• _TRY IT_:
Beneath this line are entries. Copy the range from the line with "Image for Industrial Recommender System" to the line with "Earrings Dangle/drop By Clothes Mentor", ends included, exactly; leave pictures out.

[[ MATERIAL TO PROCESS open ]]

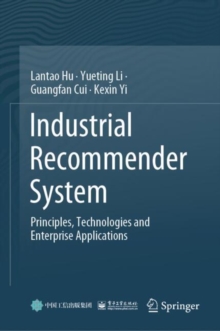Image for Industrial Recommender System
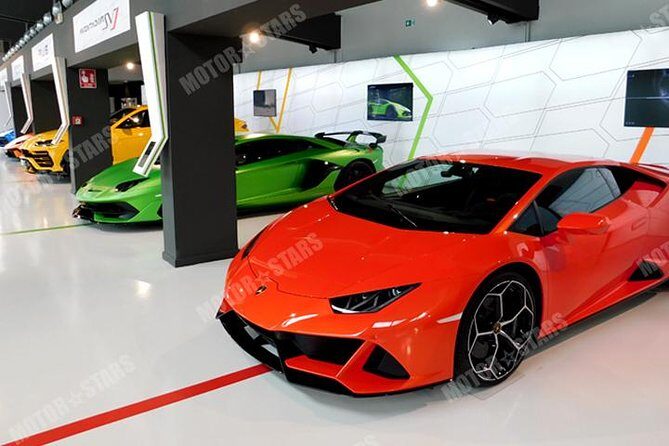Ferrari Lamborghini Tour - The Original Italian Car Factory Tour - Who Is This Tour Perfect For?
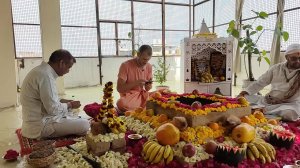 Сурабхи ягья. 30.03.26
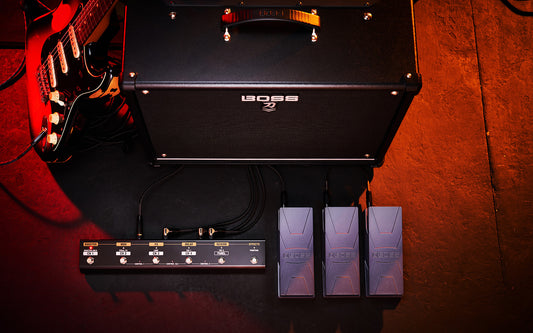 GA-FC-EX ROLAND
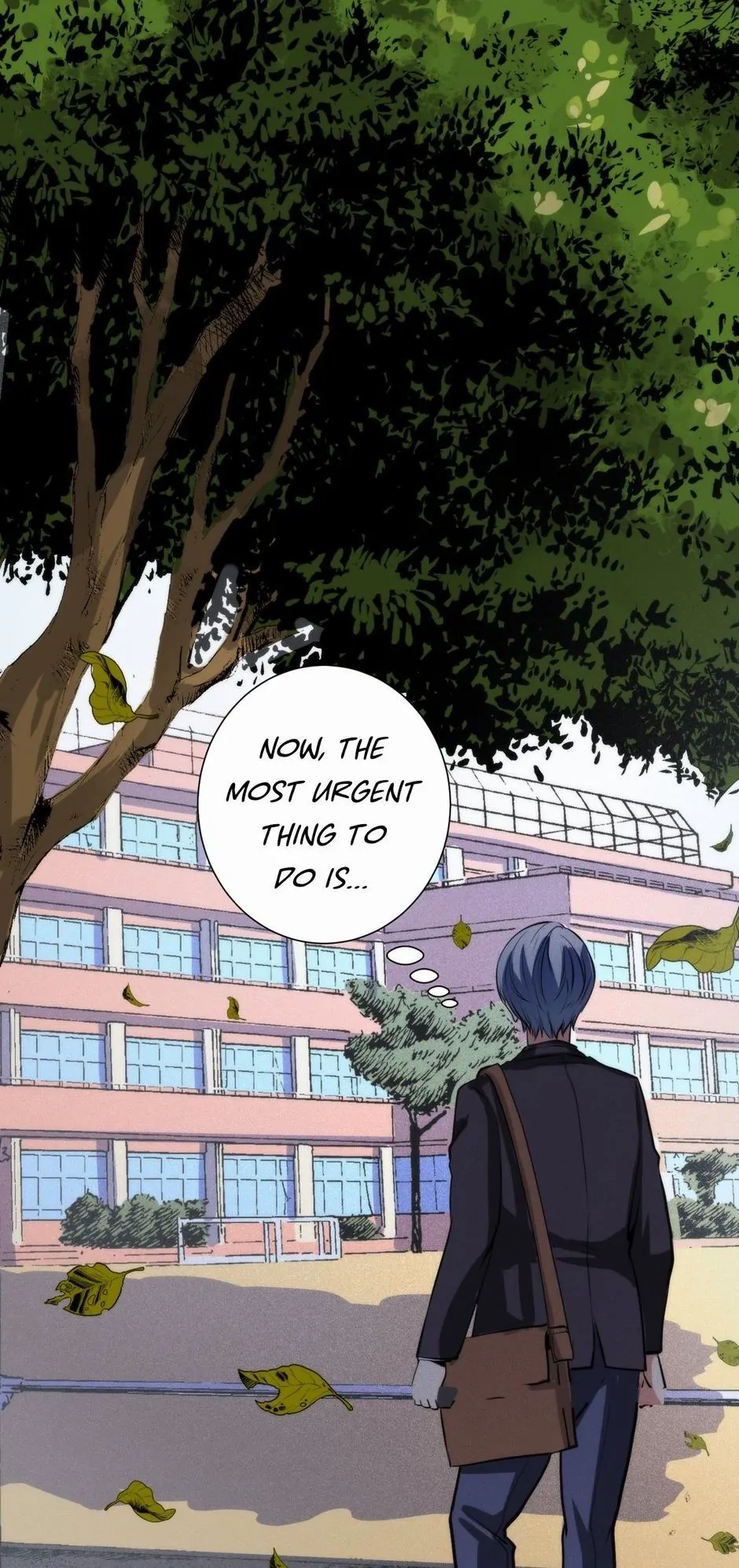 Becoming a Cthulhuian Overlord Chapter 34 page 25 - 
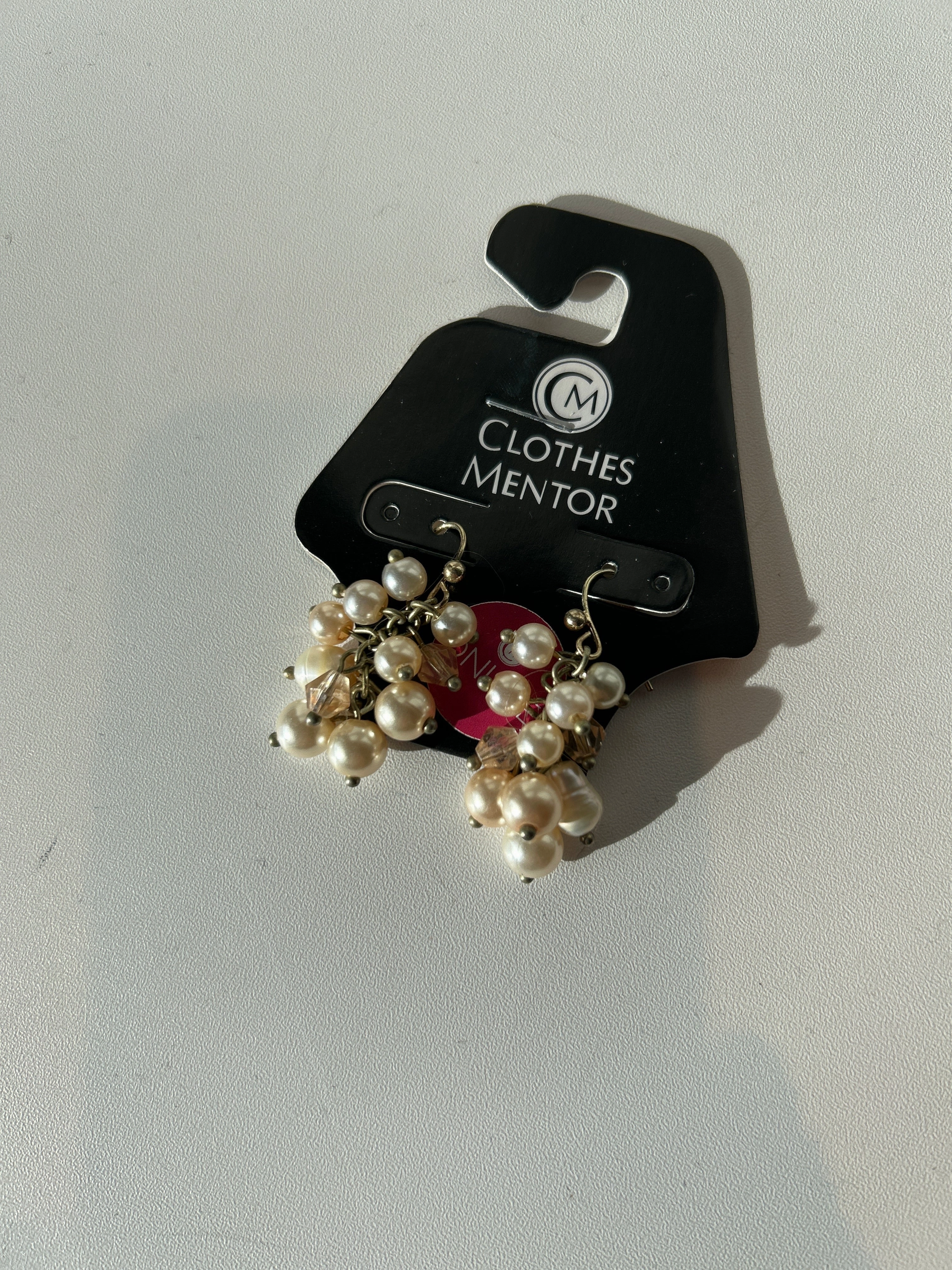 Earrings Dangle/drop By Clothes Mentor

[[ MATERIAL TO PROCESS closed ]]
[[ MATERIAL TO PROCESS open ]]

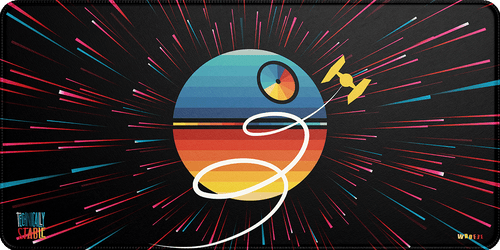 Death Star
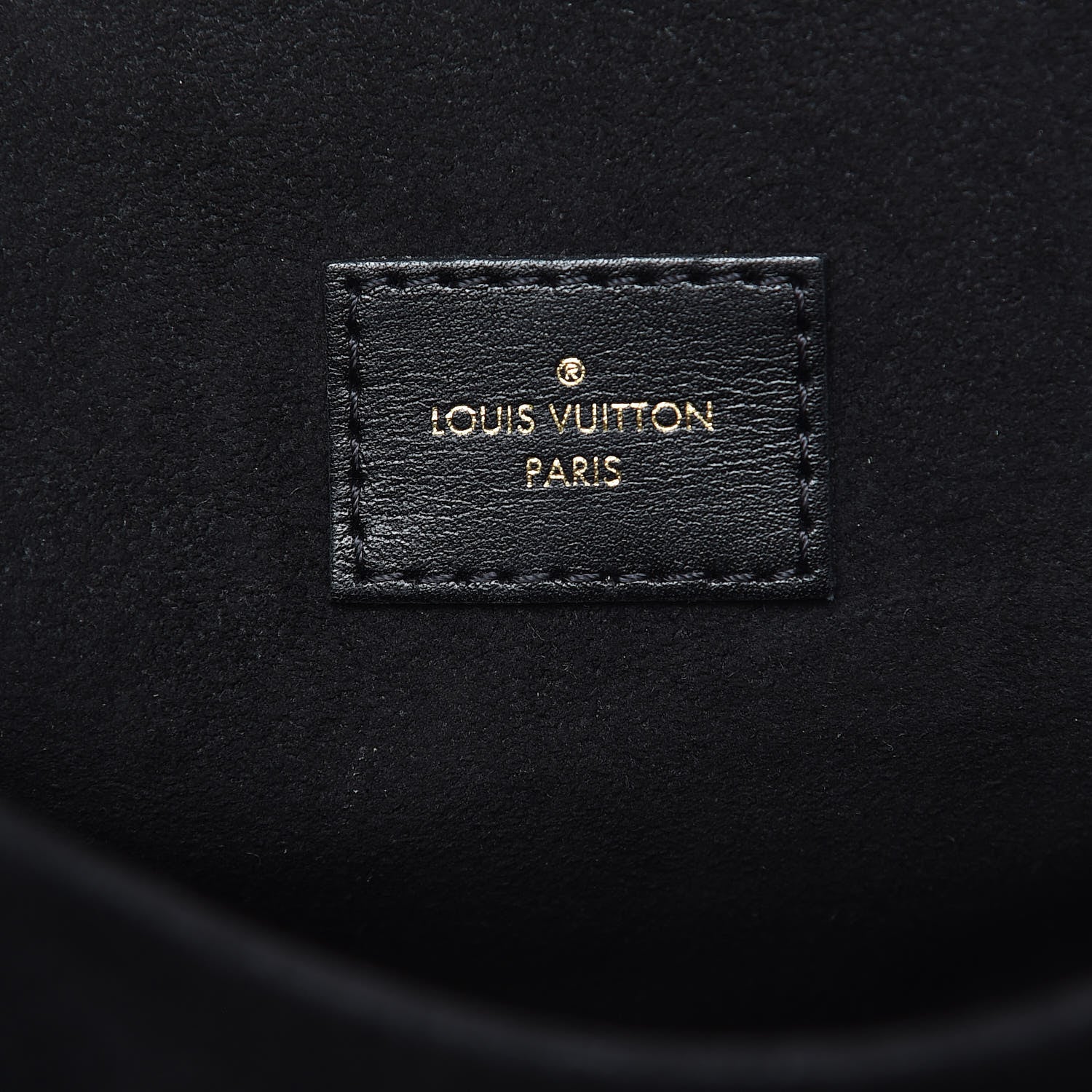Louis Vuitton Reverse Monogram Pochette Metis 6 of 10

[[ MATERIAL TO PROCESS closed ]]

• _YOUR SOLUTION_:
Image for Industrial Recommender System
Ferrari Lamborghini Tour - The Original Italian Car Factory Tour - Who Is This Tour Perfect For?
 Сурабхи ягья. 30.03.26
 GA-FC-EX ROLAND
 Becoming a Cthulhuian Overlord Chapter 34 page 25 - 
 Earrings Dangle/drop By Clothes Mentor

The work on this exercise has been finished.